Tuesday 3 April 2012

Calculate years between two dates with Perl

Problem:
Giving two dates calculate the number of years between them.

Preamble:
This seems a trivial problem BUT it is not: you could take the year of each date subtract them and if > 0, then if the month of the second date is smaller than the first, add -1, and if it is equal, check the day. What could possibly go wrong?

First and more important, there are zillions of date formats and some very difficult to parse with RE. Then comes the problem that you would like to see the difference in years forward... and backwards!! and probably you would like to show the years with decimal point, so you need to count days .... and so on, and at some point your script would need to report days and months, that is life!.

Solution:
This is a task for the industry grade CPAN's DateTime family modules in Perl.

DateTime::Format::xxx is a family of modules specialised in parsing and formatting any date format you can imagine. Then you can calculate things with Date::Calc or DateTime::Duration.

#!/usr/bin/env perl


=head1 [progam_name]

 description: Calculate years between dates (two dates or one date and current time)

=head2 First version

  a file with three columns (id, start date, end date)

  - parse the date

      | strptime($strptime_pattern, $string)
      | Given a pattern and a string this function will return a new DateTime object.
      | %F
      | Equivalent to %Y-%m-%d. (This is the ISO style date)


  - check that first date < last date

  - output years as a new column

=cut


use feature ':5.10';
use strict;
use warnings;
use Getopt::Long;
use DateTime::Format::Strptime;
use File::Slurp;


my $prog = $0;
my $usage = <<EOQ;
Usage for $0:

  $prog [-test -help -verbose] file_with_dates_in_column_2_and_3

EOQ

my $has_header =1;

my $file_status;

my $file = shift;


my $fmt = DateTime::Format::Strptime->new(
    pattern => '%F',
    locale  => 'en_US',
);

# take care of windows end of line in a linux machine (need both chomp and s/\r$//)
my $dates = [map{chomp;s/\r$//;[split /\t/]} read_file($file)];

my $header = shift @$dates if $has_header;

my $line;
foreach my $date_aoa (@$dates) {

    # get the DateTime objects
    my $start = $fmt->parse_datetime($date_aoa->[1]);
    my $end   = $fmt->parse_datetime($date_aoa->[2]);

    unless ($start || $end){
        die "Error parising id '$date_aoa->[0]' at  line $line\n"
    }
    # get a DateTime::Duration object (that is automatic when doing math with DateTime objects)
    my $dur = $end - $start;

    $date_aoa->[3] = $dur->years;
    $line ++;
}

print_result($dates);


sub print_result {

    my ($dates) = @_;

    say join("\n", map{join("\t",@$_ )}@$dates);

}



Some Links:

The question http://stackoverflow.com/questions/6549522/how-to-make-datetimeduration-output-only-in-days and its answer

http://stackoverflow.com/a/6550372/427129 are also interesting

http://stackoverflow.com/questions/821423/how-can-i-calculate-the-number-of-days-between-two-dates-in-perl

http://stackoverflow.com/questions/3055422/calculating-a-delta-of-years-from-a-date

http://stackoverflow.com/questions/8308655/how-to-find-the-difference-between-two-dates-in-perl

http://stackoverflow.com/questions/3910858/using-perl-how-do-i-compare-dates-in-the-form-of-yyyy-mm-dd


http://datetime.perl.org/wiki/datetime/page/FAQ%3A_Date_Time_Formats#How_Do_I_Convert_between_Date::Manip_and_DateTime_Objects_-6


The Many Dates and Times of Perl

2 comments:

LeoNerd said...

How about simply strptime/mktime them both, subtract, divide by 60*60*24*365.

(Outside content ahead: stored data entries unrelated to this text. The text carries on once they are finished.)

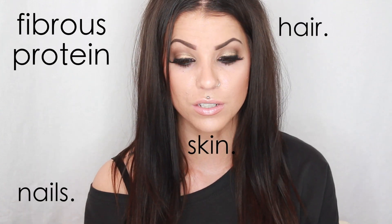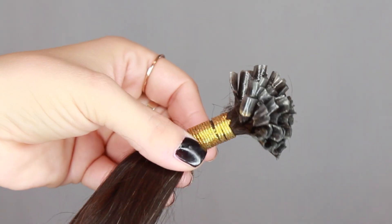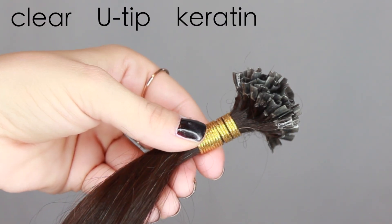The extensions I currently have in my hair are from a company called Ab Hair. If you order from this company, you will receive your hair in a package like this. This package contains one bundle, and one bundle is going to look like this. Inside you have all of these different individual bonds. These are clear U-tip keratin bonded extensions. The keratin bond actually feels like kind of like a plastic, and then it is melted down using a heat tool and wrapped around your hair — that's how it adheres.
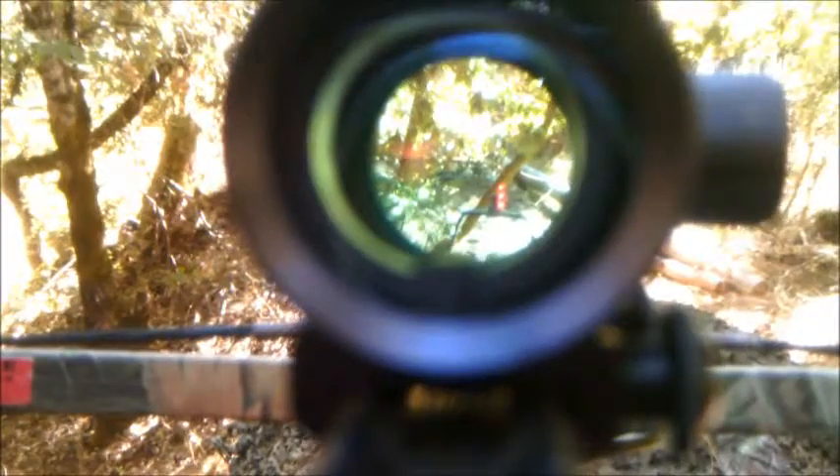Quick video of the Jaguar crossbow. The bottom dot is 40 yards, the middle dot is 35 yards, and the top dot is 15 yards.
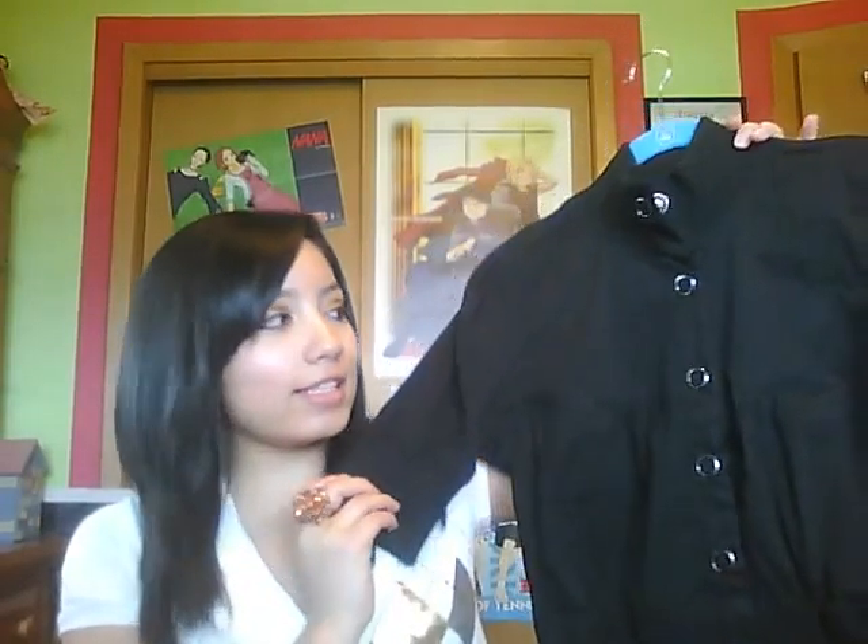The second thing I got is a little jacket. It unbuttons right here. It comes about to the waist — not like a long jacket, but not like a half jacket either. It has these sleeves, and this top: you can button it and it'll be turtleneck-ish, or you can just let them hang out, which is what I like to do when I'm wearing it. I've already worn it once and I love it — it's really, really cute.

The trouble with your "how many years between" question is it's slightly ill-defined anyway, with respect to the definition of a year. How long in fractional years between January 1st 2010 and January 1st 2011? How long between the same in 2012 and 2013 - I'll remind you 2012 was a leap year and 2010 was not.

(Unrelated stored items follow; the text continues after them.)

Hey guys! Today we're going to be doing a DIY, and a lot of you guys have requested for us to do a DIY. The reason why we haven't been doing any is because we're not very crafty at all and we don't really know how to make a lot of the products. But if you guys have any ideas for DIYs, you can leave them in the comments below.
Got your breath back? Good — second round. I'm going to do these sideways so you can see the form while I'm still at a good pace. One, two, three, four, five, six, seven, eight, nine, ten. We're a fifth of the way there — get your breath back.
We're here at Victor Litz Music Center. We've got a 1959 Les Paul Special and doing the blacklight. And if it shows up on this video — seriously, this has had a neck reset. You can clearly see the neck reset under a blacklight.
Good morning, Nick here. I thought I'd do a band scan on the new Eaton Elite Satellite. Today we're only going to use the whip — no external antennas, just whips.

Do we take a year as 365 days, 365.26 days, some other value? Do we count the number of New Years Eve/New Years Day boundaries we cross between the two dates?

Pablo Marin-Garcia said...

@LeoNerd, If you have zillions of dates to process or you don't mind to equate all years to 60*60*24*365 secs, using strptime/mktime is ok.

But just in case you need a bit more of versatility and you can afford to use some extra modules and some extra function calls then using DateTime is a good tool to use. Do calculations between dates is very tricky so I always suggest to use DateTime as a first option BUT if someone knows what he is doing and have good reasons not to use DateTime then he must not use it.